Бенедикт Сарнов - Пришествие капитана Лебядкина. Случай Зощенко.
Вот так же и зощенковские герои твердят на каждом шагу, что Пушкин принадлежит им, что он — их законное достояние. И делают вид, что презирают тех, кому Пушкин не нужен. Они играют в читателей и почитателей Пушкина совершенно так же, как киплинговские бандерлоги играют в людей. Но что такое Пушкин, на что он может сгодиться, к чему его можно приспособить — все это они представляют себе крайне своеобразно:
...гипсовый бюст великого поэта установлен в конторе жакта, что, в свою очередь, пусть напоминает неаккуратным плательщикам о невзносе квартплаты.
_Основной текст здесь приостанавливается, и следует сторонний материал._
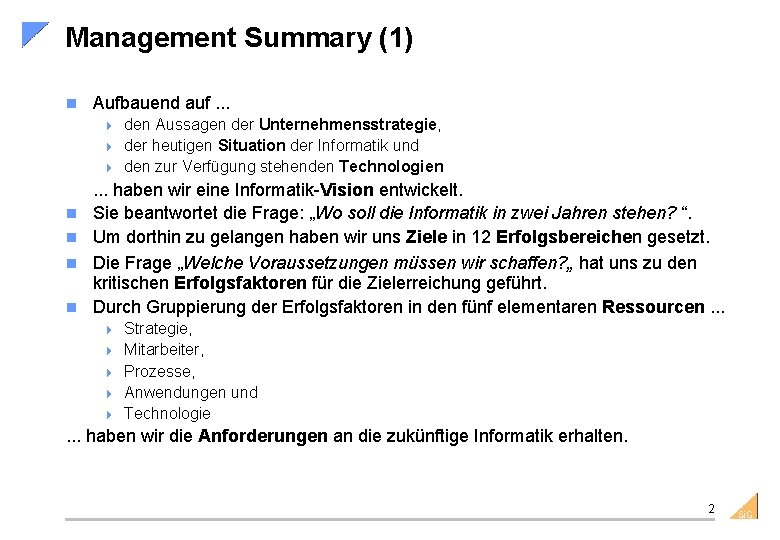 Management Summary (1) n Aufbauend auf. . . den Aussagen der Unternehmensstrategie, 4 der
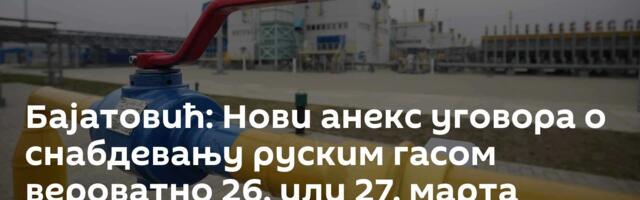 Бајатовић: Нови анекс уговора о снабдевању руским гасом вероватно 26. или 27. марта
И к пушкинским стихам они относятся совершенно так же, как киплинговские бандерлоги к тем кускам штукатурки, обломкам, ошметкам каких-то давным-давно разрушенных временем сооружений, истинное назначение которых было им неизвестно:
Некоторые, например, уважают Пушкина даже за его мелкие стихотворения. Но я бы лично этого не сказал. Мелкое стихотворение — оно и есть, как говорится, мелкое и не совсем крупное произведение. Не то чтобы его может каждый сочинять, но, как говорится, посмотришь на него, а там решительно нет ничего такого уж слишком, что ли, оригинального и художественного. Например, представьте себе набор таких, я бы сказал, простых и маловысокохудожественных слов:
Вот бегает дворовый мальчик,В салазки Жучку посадив...Шалун уж заморозил пальчик...
(Голос с места. Это «Евгений Онегин»... Это — не мелкое стихотворение.)
— Разве? А мы в детстве проходили это как отдельное стихотворение... Вообще я так скажу: для детей это очень интересный поэт. И в свое время там у них он, может быть, даже был попросту детский поэт. А до нас, может быть, дошел уже несколько в другом виде.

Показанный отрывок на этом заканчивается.